Posted: Sun Jul 01, 2001 2:37 pm
by Nippy
I think the whole problem is like people say. The memorisation of facts is more important than knowledge. In history for example you have to mix the two. You need the knowledge of the period but you also need to present the skills of reasoned arguments in conclusions (similar to science). However saying that most subjects in school need more memory requirements than absolute skill. You memorise formulas, equations etc and do not rely on reasoning enough. IMHO that's what makes a person smart, the ability to write with skill and knowledge.
Posted: Sun Jul 01, 2001 5:04 pm
by fable
Part of the problem in the US, IMO, is that parents have pretty much abandoned the upbringing of their children to television, and peer groups. No political party wants to suggest mandatory testing for teachers, whose own class handouts would flunk them in high school. (There was a university professor at Glassboro back in the 70's and 80's who regularly published some of the worst examples of teaching aids prepared by school teachers, and disected them.) To do so would risk the loss of the votes of the teachers' union.
I wouldn't say the problem is one of sacrificing thought to "touchy-feely," because my own experience of the US educational system, before its makeover, was that of simple rote drills designed to crush any interest among students in learning. I have tons of horror stories from elementary school through highschool--students being deliberately flunked on tests because they refused to look down at their desks after finishing, and wrote poetry, instead, for example. Or being told by one teacher that there wouldn't be a test the following day after being handed a reading assignment, only to be given a test the following day, with a lecture by that same teacher that you can't trust anybody, and that she was teaching us that. Or once, when I had an asthma attack in fifth grade, the teacher deliberately instructed the class to watch me and laugh. This is the stuff of nightmares, not teaching. And it was all too common, supposedly in the "good old days."

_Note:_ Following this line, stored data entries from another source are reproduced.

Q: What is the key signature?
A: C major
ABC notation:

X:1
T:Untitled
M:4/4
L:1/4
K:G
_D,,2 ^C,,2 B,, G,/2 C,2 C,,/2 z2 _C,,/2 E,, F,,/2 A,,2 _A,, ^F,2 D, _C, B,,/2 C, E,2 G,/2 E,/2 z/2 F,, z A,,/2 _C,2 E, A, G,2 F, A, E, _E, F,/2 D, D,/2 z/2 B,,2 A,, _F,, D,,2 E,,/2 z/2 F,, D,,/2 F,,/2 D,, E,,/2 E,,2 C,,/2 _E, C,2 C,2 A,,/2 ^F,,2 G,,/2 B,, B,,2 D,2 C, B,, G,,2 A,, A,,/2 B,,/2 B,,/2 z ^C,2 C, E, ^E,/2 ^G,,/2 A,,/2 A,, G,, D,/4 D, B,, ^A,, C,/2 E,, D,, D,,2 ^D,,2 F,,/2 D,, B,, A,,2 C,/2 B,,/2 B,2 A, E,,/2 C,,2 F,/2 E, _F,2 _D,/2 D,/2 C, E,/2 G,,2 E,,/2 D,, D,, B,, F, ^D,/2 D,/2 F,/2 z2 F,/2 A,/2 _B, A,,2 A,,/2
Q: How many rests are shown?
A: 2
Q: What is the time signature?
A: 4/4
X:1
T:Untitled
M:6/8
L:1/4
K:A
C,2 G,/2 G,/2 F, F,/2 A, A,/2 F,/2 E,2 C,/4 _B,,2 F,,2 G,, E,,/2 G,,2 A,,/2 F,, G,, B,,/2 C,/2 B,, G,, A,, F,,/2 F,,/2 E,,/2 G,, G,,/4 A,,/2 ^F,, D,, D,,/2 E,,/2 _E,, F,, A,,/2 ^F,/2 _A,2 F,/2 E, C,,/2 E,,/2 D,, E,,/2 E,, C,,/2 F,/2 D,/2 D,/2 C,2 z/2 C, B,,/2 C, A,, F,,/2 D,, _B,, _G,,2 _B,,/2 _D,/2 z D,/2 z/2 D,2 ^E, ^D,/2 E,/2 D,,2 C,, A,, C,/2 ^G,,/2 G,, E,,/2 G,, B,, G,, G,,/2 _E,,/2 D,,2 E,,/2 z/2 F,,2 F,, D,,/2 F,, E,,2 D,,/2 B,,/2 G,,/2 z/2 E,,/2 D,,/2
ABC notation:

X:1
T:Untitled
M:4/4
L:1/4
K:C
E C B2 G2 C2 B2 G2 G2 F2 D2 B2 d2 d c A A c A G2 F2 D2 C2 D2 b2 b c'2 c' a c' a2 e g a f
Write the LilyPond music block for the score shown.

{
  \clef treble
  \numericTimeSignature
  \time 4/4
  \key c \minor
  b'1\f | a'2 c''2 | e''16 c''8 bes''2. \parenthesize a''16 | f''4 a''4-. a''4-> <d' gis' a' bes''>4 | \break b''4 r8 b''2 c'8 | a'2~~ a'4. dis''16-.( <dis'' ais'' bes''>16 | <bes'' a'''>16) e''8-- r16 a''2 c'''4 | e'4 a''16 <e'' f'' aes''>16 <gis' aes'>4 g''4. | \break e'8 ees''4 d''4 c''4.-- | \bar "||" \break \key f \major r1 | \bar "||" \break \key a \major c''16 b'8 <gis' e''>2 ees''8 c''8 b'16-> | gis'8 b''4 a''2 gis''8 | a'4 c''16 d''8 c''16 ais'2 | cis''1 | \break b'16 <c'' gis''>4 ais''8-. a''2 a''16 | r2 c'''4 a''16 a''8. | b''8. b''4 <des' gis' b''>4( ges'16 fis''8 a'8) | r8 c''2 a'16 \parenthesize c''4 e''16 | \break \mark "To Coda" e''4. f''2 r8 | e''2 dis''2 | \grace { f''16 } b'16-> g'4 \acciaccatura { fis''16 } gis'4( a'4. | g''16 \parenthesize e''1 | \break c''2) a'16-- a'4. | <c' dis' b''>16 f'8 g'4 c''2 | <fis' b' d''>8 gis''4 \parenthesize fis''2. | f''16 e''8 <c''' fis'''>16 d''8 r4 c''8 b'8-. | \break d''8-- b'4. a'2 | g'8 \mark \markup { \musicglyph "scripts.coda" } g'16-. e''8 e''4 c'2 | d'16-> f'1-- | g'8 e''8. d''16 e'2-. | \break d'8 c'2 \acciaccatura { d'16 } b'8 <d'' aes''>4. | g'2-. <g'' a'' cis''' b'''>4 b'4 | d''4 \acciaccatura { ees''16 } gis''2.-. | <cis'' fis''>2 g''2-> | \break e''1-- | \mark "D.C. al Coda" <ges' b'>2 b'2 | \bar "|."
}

In so far as the results of the educational system is worse today, I think it's because affluence is widespread, apathy is rampant, and the main source for information, tv, is a cesspool. Any questions?
[ 07-01-2001: Message edited by: fable ]
Posted: Sun Jul 01, 2001 7:10 pm
by dragon wench
Sorry to introduce spam on a serious topic, but...
originally by Waverly
I was constantly bored and sought to entertain myself and the rest of the class at the teachers expense.
Nothing much has changed.......
[ 07-01-2001: Message edited by: dragon wench ]
Posted: Sun Jul 01, 2001 7:19 pm
by dragon wench
On a more serious note,
I would concur with Fable. I have run tutorials for first year history students, and I have also graded their work. By far and away the poorest students were those in the faculty of education. They can't think critically, and most can barely string a sentence together. Sometimes of course this was funny. Somebody once wrote the following on an in-class exam.
"They (presumably the European settlers) taught them (the native people) how to use fowl language."
Posted: Mon Jul 02, 2001 3:58 am
by Mr Sleep
LMAO
I have to agree with Fable, although one can learn a lot from TV if it is regulated. There is a fine line of education over entertainment, most people do not watch television with education in mind.
Parents are also in the home less and less, most children are brought up by nannies or baby sitters, this can not aid the development and growth, most children need a caring nuturing environment in which to thrive.